Malaysia plays host to the next round of the 2017 Formula One Championship. The Malaysian Grand Prix has been held for 37 times over its history and it is set to close the latest chapter of its history book with this weekend.
The country located in Southeast Asia bids farewell to the Moving Circus for the near future after the promoter terminated the contract of the circuit with F1’s rightsholders.
Only 18 GPs from the 37 races were part of the Formula One Championship. Previous races with the name of the Malaysian GP were part of various other series like Formula Atlantic or Formula Pacific. Since its inception, all F1 Malaysian GPs were held at the Sepang International Circuit.
Sebastian Vettel is the most successful driver on the Sepang Circuit with his four triumphs while both Michael Schumacher and Fernando Alonso saw the chequered flag first for three times. Kimi Räikkönen secured two victories in Sepang.The country itself
Malaysia is a federal constitutional monarchy located in Southeast Asia. It consists of thirteen states and three federal territories. Malaysia gained its independence from the United Kingdom on 31 August 1957.
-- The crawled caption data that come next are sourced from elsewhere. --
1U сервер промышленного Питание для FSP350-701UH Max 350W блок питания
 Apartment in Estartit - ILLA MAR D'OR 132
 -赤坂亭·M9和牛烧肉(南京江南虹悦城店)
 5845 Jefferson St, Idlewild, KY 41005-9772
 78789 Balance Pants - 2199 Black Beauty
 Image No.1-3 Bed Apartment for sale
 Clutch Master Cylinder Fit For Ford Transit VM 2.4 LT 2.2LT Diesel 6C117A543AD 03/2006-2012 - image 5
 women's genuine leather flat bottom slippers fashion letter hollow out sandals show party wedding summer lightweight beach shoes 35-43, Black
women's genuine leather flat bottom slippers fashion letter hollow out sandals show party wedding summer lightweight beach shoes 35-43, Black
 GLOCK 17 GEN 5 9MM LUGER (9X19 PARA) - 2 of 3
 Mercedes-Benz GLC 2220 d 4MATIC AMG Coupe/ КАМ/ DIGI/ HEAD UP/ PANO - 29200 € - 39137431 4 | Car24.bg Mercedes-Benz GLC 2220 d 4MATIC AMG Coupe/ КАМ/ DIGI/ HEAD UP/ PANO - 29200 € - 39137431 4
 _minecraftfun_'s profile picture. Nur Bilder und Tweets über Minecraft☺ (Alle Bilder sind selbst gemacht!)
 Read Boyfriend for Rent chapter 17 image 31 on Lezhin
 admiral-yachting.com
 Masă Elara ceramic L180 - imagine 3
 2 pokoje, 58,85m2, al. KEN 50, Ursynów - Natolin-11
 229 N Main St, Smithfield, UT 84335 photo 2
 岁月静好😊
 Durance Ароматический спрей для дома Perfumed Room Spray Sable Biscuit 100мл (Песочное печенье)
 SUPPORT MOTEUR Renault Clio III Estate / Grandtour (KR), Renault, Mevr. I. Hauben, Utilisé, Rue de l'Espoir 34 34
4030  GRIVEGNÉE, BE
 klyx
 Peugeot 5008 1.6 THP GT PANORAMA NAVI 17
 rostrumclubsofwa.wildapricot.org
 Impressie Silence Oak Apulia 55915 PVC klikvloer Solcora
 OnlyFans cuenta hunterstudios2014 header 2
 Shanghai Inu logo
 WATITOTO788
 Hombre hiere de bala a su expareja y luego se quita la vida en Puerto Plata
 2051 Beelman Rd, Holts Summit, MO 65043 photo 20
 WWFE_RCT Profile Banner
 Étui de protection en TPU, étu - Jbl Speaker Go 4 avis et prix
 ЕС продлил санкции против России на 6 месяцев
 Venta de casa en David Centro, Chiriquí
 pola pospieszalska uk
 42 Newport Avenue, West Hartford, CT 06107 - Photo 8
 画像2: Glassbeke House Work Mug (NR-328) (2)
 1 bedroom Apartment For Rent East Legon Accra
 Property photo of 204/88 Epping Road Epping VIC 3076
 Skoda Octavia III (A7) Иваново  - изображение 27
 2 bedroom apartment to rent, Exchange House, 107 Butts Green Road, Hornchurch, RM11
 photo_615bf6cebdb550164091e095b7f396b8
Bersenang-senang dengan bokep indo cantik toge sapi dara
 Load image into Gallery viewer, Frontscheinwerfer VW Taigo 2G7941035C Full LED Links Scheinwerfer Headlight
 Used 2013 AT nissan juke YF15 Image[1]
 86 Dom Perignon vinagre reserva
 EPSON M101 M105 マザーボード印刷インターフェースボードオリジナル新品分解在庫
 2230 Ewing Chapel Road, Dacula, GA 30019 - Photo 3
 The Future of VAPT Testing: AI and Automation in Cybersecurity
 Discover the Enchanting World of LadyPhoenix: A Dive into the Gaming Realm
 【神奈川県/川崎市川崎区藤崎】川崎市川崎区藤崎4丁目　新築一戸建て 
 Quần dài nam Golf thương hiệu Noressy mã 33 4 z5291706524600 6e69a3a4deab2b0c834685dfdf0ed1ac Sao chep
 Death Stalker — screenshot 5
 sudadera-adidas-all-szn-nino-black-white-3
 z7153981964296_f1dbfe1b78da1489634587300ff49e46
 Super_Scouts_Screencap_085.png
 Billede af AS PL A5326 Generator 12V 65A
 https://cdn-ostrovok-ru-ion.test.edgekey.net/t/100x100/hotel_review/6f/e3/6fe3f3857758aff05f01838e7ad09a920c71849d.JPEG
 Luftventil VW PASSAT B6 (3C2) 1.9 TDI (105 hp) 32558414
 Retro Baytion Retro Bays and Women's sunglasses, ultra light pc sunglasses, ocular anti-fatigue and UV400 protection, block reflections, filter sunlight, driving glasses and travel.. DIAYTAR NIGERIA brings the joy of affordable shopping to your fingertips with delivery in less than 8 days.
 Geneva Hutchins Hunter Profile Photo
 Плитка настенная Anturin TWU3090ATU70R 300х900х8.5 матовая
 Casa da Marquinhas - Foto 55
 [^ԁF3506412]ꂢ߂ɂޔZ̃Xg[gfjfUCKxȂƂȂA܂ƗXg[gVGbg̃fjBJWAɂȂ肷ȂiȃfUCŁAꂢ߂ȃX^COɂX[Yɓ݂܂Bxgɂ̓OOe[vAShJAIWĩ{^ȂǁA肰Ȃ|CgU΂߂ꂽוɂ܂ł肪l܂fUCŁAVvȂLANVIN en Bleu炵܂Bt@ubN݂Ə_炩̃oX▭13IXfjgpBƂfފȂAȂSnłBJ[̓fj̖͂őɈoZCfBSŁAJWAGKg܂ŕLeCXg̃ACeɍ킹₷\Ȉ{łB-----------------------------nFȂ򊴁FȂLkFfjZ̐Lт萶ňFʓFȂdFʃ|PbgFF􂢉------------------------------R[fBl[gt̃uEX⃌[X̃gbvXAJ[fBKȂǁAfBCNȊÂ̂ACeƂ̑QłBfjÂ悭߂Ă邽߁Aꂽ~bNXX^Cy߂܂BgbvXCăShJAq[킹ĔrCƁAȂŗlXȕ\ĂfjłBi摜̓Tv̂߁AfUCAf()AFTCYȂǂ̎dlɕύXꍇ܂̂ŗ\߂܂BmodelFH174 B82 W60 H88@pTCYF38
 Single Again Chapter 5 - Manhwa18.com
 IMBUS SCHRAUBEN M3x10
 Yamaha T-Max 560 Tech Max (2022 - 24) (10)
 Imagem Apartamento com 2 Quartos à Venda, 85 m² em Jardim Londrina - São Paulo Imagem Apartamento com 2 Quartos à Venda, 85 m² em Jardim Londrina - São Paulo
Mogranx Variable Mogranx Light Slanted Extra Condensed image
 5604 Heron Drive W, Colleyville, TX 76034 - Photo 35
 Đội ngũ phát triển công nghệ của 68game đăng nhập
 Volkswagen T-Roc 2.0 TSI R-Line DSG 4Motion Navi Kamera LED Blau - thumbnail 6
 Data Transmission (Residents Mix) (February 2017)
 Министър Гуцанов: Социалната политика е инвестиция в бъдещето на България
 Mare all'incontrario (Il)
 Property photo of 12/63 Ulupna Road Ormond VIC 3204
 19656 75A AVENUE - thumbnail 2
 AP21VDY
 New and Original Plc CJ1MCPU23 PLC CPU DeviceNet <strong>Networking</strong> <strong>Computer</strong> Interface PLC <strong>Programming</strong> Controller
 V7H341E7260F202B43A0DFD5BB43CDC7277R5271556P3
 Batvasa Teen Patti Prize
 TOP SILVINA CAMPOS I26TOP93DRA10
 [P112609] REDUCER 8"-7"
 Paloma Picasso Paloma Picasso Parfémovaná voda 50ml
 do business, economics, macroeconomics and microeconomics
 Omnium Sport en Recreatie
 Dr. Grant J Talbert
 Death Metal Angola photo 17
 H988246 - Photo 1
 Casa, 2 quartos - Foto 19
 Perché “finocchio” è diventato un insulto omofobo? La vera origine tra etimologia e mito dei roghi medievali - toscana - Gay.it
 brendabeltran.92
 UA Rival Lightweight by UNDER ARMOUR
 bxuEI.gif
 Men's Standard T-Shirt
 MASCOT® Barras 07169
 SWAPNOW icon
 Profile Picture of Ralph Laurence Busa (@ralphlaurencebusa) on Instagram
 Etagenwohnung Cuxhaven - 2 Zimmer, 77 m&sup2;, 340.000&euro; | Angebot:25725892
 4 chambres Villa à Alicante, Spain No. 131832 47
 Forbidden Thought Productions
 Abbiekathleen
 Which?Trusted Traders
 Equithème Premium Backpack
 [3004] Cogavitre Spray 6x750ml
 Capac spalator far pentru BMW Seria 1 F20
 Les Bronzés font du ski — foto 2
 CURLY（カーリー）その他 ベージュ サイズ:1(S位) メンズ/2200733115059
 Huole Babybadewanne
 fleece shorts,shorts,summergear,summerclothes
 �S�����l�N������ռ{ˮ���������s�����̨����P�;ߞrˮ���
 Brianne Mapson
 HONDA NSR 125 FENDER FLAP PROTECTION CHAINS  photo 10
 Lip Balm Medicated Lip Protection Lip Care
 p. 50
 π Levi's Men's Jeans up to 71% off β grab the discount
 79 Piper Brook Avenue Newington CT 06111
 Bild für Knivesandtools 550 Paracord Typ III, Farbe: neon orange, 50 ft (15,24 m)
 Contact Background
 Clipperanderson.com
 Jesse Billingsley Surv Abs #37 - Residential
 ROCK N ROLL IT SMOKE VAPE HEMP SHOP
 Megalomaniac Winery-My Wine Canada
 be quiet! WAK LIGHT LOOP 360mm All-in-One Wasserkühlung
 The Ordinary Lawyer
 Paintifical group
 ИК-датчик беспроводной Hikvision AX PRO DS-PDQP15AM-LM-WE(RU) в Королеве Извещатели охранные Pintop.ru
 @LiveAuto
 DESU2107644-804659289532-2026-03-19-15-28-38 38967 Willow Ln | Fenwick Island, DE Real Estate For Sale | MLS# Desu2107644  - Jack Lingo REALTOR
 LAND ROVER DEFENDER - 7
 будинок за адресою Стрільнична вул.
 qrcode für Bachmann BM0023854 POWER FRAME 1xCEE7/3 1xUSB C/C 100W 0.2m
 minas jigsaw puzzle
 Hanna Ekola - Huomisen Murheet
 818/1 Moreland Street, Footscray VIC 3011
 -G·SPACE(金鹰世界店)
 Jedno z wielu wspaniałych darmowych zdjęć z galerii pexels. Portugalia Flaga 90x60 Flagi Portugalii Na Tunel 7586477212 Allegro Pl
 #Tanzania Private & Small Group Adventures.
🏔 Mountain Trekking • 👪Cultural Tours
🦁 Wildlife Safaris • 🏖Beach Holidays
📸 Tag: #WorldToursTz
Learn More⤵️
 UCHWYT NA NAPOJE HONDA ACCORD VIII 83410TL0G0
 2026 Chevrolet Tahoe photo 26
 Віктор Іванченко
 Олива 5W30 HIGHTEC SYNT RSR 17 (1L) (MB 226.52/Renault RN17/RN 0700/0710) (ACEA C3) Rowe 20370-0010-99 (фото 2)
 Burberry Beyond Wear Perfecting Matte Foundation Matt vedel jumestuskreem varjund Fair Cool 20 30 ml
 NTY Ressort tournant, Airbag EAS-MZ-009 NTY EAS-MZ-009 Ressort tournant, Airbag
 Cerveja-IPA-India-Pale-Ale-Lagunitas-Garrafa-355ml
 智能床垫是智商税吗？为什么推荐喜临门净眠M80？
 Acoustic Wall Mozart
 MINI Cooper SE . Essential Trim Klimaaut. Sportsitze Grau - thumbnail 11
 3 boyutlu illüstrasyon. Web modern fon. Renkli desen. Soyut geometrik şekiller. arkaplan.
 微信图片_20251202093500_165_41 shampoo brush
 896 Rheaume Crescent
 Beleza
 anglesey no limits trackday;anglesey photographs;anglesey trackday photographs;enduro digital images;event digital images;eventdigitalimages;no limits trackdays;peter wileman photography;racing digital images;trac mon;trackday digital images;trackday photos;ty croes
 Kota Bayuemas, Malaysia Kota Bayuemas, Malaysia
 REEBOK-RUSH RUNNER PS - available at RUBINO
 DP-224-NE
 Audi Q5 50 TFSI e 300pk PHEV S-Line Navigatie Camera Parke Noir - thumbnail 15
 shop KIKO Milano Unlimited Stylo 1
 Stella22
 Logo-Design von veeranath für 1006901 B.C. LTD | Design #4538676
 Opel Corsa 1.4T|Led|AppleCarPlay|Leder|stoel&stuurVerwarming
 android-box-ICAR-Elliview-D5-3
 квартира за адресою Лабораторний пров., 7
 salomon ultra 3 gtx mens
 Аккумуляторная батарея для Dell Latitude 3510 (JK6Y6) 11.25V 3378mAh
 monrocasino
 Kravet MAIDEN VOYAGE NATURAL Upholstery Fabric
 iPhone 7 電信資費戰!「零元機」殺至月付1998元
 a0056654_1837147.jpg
Malaysia is the 66th largest country by total land area. The country is divided into two halves. East-Malaysia and West-Malaysia are separated by the South China Sea. Both parts share similar landscape. Around these two halves are numerous islands, the largest of which is Banggi. The climate is equatorial and characterised by the annual southwest (April to October) and northeast (October to February) monsoons. The temperature is moderated by the presence of the surrounding oceans. Humidity is usually high which makes the Grand Prix physically rather demanding for the drivers. The average annual rainfall is 250 cm. When rain hits the track, it is usually torrential.
The country has a population of 31,6 million habitants. 50.1 per cent of the population is Malaysian while 22.6 per cent have Chinese origins. The currency is ringgit.Technical know-how
The track is 5543m long which means a total of 56 race laps. The track is extremely wide, some parts of it have a width of 25m which means there are more than one single racing line in various sections of the circuit.
The start is always tense because there is a long distance of 683m down to the first corner from the first row and the first combination of corners is tight which often sees cars touching each other.
Located only 350km (217 miles) from the equator, moving from a spring to autumn date doesn’t greatly affect the ambient conditions for the race: temperatures, humidity and average rainfall are much the same for October as they are for March. Sepang will provide a venue that is hot, fast, tough on tyres and with a very strong possibility of rain.
The longest flat-out section is the start-finish straight which is 1029m long. The back straight which is the last section before the last corner is also very long and offers tempting overtaking manoeuvres for drivers into the slow-speed last bend.
The track where drivers change gears around 40 times per lap requires medium downforce levels. The long straights would lure engineers to trim wings down, but the high-speed corners of the middle section and at the first part of the last sector force them to enable the car to create the right amount of downforce.